Five Ways to Design for Entertaining
By Marissa Lada
October 11, 2018
Summer came and went pretty quickly this year in Seattle (doesn’t it normally?). Despite the one month of summer that we got, there is plenty to look forward to for fall. Mainly, it’s all the celebrations and parties that are upcoming! From game day parties to holiday get-togethers, fall is a time for entertaining! You may have all the decorations and meals planned for your next shindig, but, can your space support your gathering?
Here are some ways you can design your space to optimize on entertaining.
Design a central, open kitchen.
Most of the time, when having large gatherings, one of two things happens.
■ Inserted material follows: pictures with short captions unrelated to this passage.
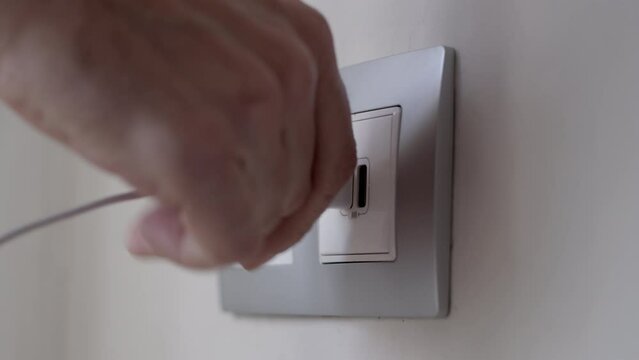 A hand connecting a usb cable to a jack on the wall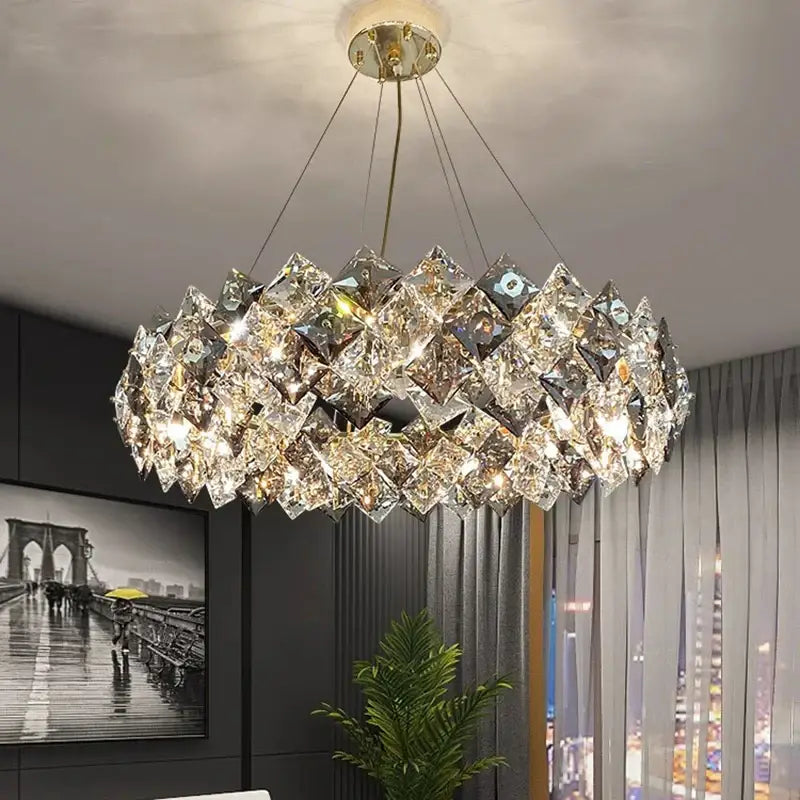 A modern circular decorbites crystal chandelier with faceted crystal layers for luxury living room and dining light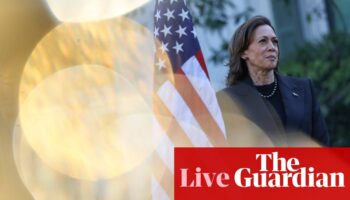 Harris takes narrow lead over Trump in new poll as swing states still tight – US politics live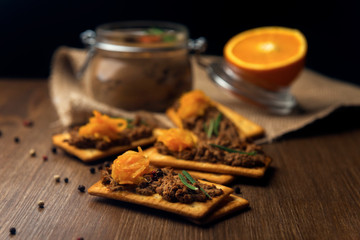 A few crackers with poultry liver pate and orange jam, sliced orange fruits on the sackcloth and...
Either, people cram into the kitchen where the host is, or everyone is out in the main spaces while the cook is left out of the party. Neither situation is ideal because you’re either feeling excluded from your own party, or you’re left having your guests cram into a kitchen (that probably doesn’t have enough seating) while you’re busy cooking up the food.
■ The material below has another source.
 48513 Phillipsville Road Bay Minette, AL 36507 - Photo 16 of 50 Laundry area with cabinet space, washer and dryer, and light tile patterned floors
Having a kitchen that merges with the social spaces, such as the dining room and family room is a great way to include the host while entertaining. Check out this central kitchen, above (Photo Credit: Joe Fitzgerald). It offers guests the chance to hang out with the cook at the island or be in the living room while still remaining involved in the conversation.
Include a bar area.
Wet bars often serve as a boozy display stage, but they also offer additional (booze-free) counter space for setting up food, or offering a “station” for specific themed events.
The bar above might normally be used to store plates, extra napkins, and other items for easy access at the dining room table. But, imagine it sometimes used as a “station” for special events, such as a craft station for kids, or gift drop-off for birthdays/baby showers/bridal parties.
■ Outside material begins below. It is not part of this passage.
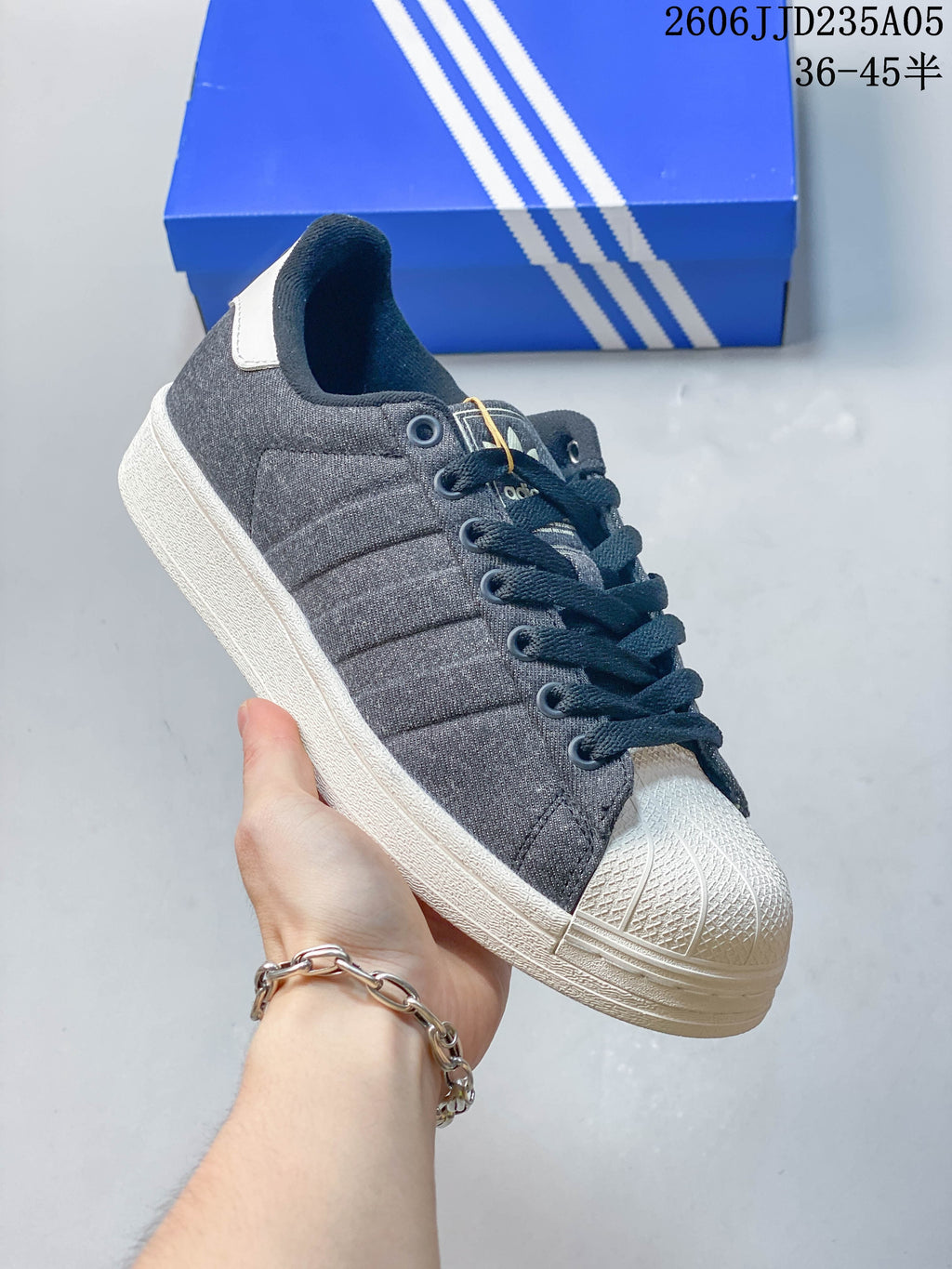 Angled view of a charcoal gray low-top sneaker with a white shell toe and outsole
Make sure you have back up seating!
So, maybe you know you aren’t always going to have a dozen people over each week for dinner, so you might not get that large, 10-foot table, and instead opt for a drop-leaf. But, when you do host, having sneaky seating available is important (no one likes to play the ‘Squatter’ game).
Sectionals, ottomans/poufs, and entry benches are all great furniture pieces that offer additional seating without appearing like you have a swarm of people that live in your home. Bring them in when you need them, but let them act as decor when not in use.
Offer a spot for a last-minute overnight guest.
How do hidden beds and designing for entertaining go together? Well, we’ve probably all had one of those parties that gets a little crazy to the point you have some people that need to spend the night.
Sometimes, you offer the couch, but sometimes you need more! Building in a fold-down bed is a great way to accommodate that need while not actually having to accommodate a full-on guest room.
Ensure that indoor/outdoor connection.
Even though the climate in Seattle is pretty temperate all year round, this design idea might be more-often utilized for those summer barbeques.
Having a space that transitions from the inside out creates the illusion of more room, helping your guests to not feel psychologically (or physically) crammed in a space.